Sport: MANHATTAN TO MOSCOW

4 minute read
TIME

TRACK and field stars traditionally take it easy the year after the Olympics. Not in 1961. New marks have been set at almost every meet as U.S. trackmen have raced through the spring, scrambling for a place on the team that takes off next month for a competitive tour of Europe and Russia. Tickets for the big trip will go to the top two men in each event at next week’s A.A.U. championships in New York. There, and at the N.C.A.A. championships this week in Philadelphia, athletes from across the country promise to tear the record book to tatters. The top events:

100-Yd. Dash. So far this season, four men—San Jose State’s Dennis Johnson, Villanova’s Frank Budd, Oregon’s Harry Jerome, Florida A. & M.’s Bob Hayes—have equaled Mel Patton’s 13-year-old. 9.3-sec. record. Somewhere between Manhattan and Moscow, one of the quartet may well set a new mark. Best prospect: Johnson, a sinewy Jamaican sprinter who has already been clocked in 9.2 sec. while running ahead of a helpful tail wind.
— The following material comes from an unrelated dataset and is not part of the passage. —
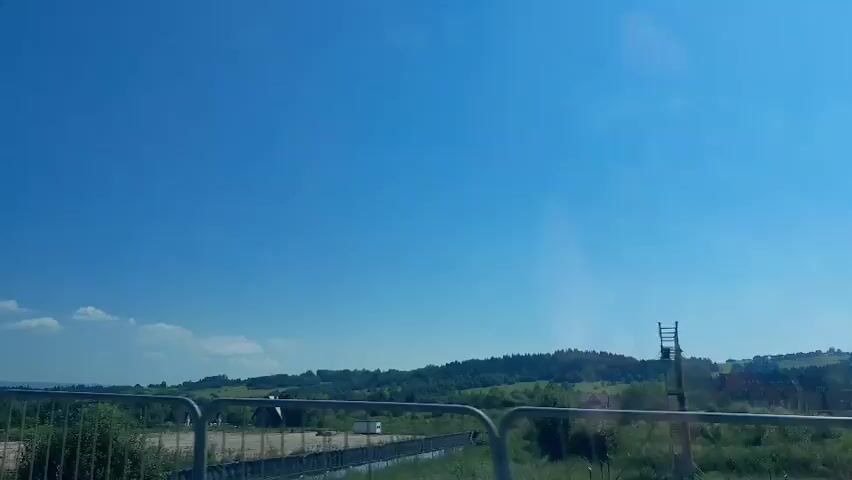 This media file captures a scenic view of a rural landscape under a bright blue sky. The foreground features a metal railing, suggesting the vantage point is from a bridge, walkway, or elevated structure. Beyond the railing, vegetation and some structures are visible, indicating a settled area within a natural setting. The midground is dominated by rolling hills covered in dense green forests, characteristic of a mountainous or hilly region. The sky is a clear, vibrant blue with only a few wispy white clouds scattered across it, suggesting fair weather and a sunny day. The time of day appears to be midday or early afternoon due to the bright sunlight and clear sky. The overall impression is one of tranquility and natural beauty, with the vast expanse of the sky and the lush greenery of the hills creating a peaceful and expansive atmosphere. The location context of Bańska Niżna, Poland, places this scene in a European rural environment, likely in a mountainous or sub-mountainous area known for its natural landscapes. There is no visible text within the media file.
One-Mile Run. The U.S. has only two better-than-four-minute milers: Oregon’s rangy Dyrol Burleson, who shaved .2 sec. from Herb Elliott’s American record with a 3:57.6-min. mile last month, and stubby Jim Beatty of Santa Clara (Calif.) Youth Village, whose best effort is 3:58. Each time the two have met, Beatty has won. Betting is high that they may soon push each other close to Australian Elliott’s world record (3:54.5).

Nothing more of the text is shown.